All that is wanted is the lines from the first line of the listing below through the line containing "6L Electric Meat", written out exactly with pictures left out.

▸ Provided data:
- Opening Delimiter -
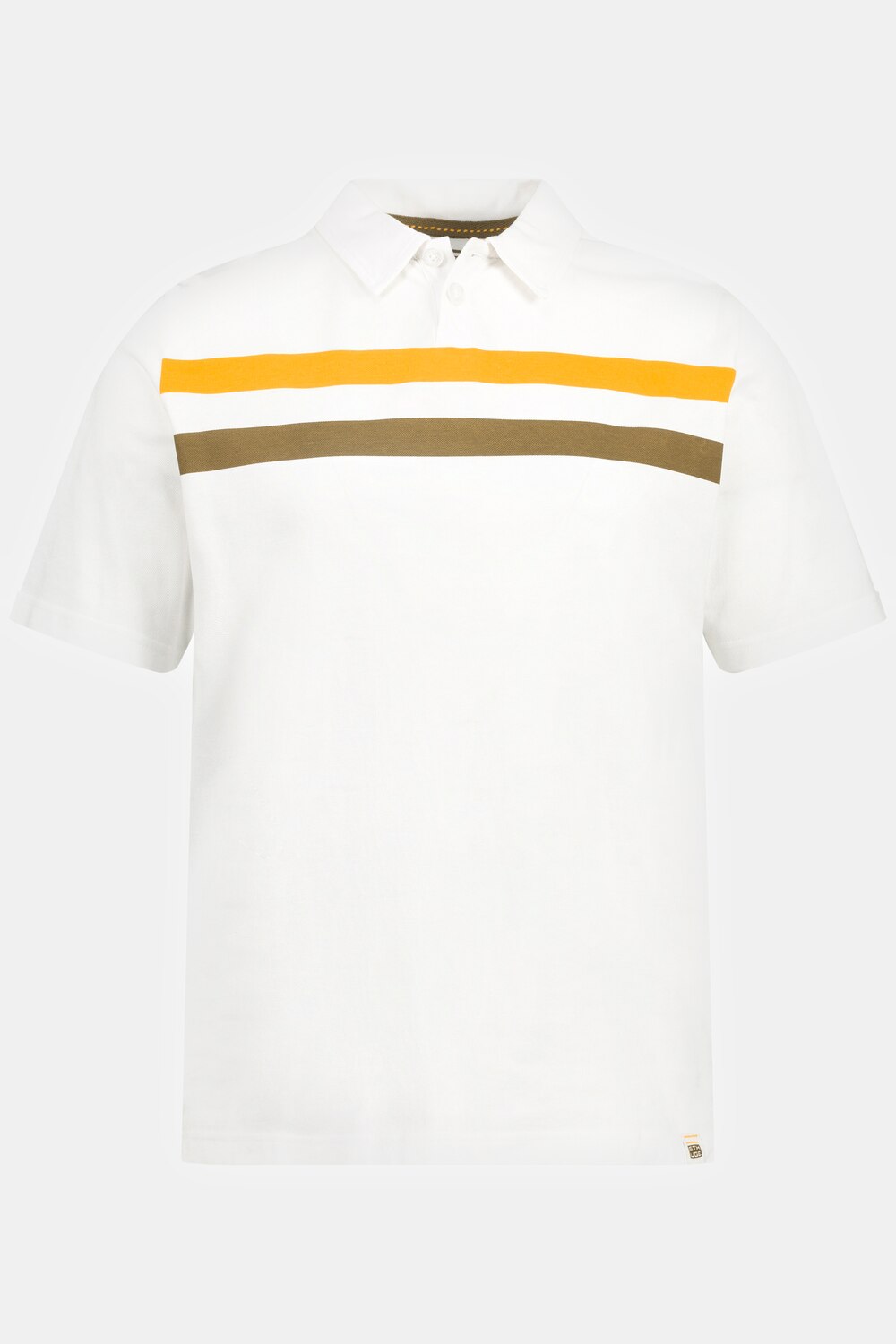 Bild von Poloshirt, Große Größen, Herren, weiß, Größe: 3XL, Baumwolle, STHUGE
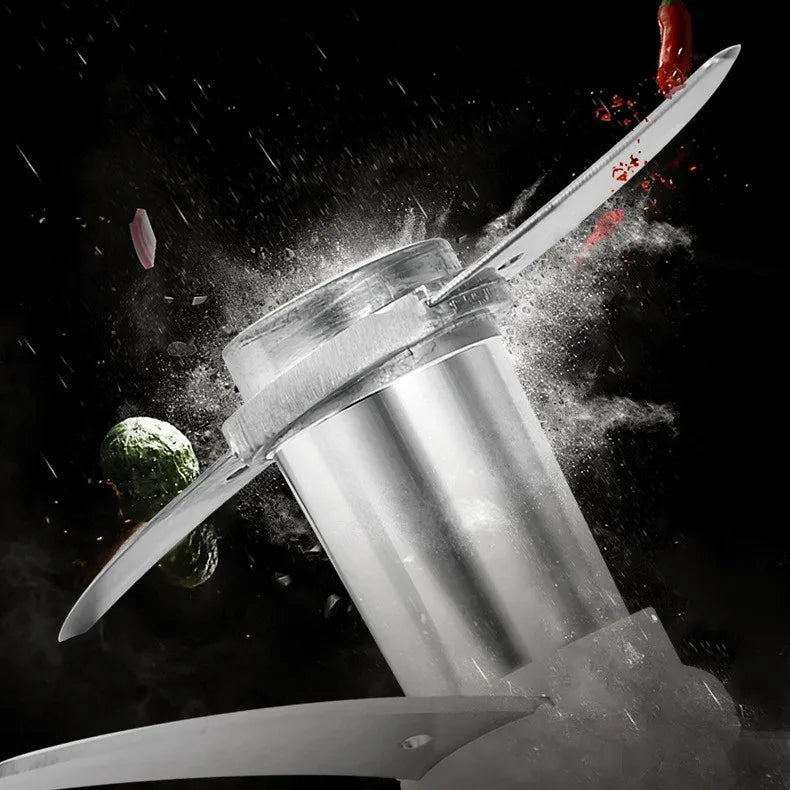 6L Electric Meat Grinders Food Crusher 6S Stainless Steel Multifunctional Vegetable Slicer Processor Chopper Kitchen Appliances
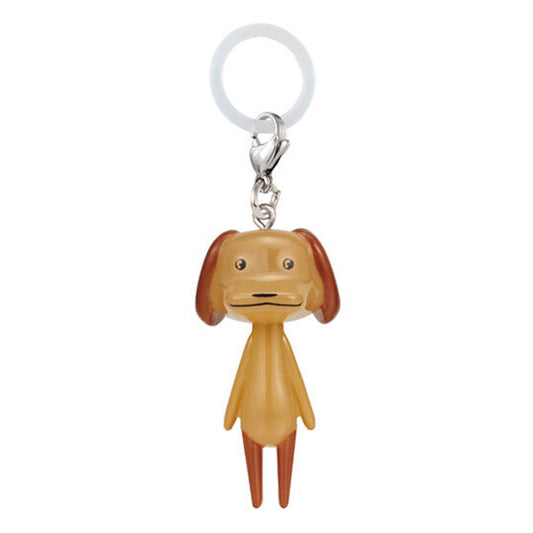 Doko Demo Issho | Mejirushi Personal Marker 1 | Pierre Yamamoto Keychain Figure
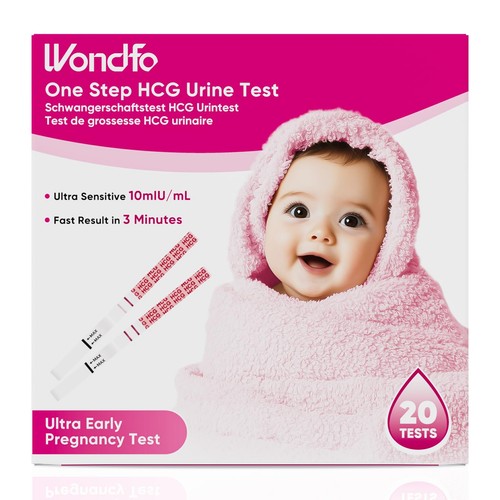 Wondfo pregnancy test strips - test,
- Closing Delimiter -
▸ Output of the task:
 Bild von Poloshirt, Große Größen, Herren, weiß, Größe: 3XL, Baumwolle, STHUGE
 6L Electric Meat Grinders Food Crusher 6S Stainless Steel Multifunctional Vegetable Slicer Processor Chopper Kitchen Appliances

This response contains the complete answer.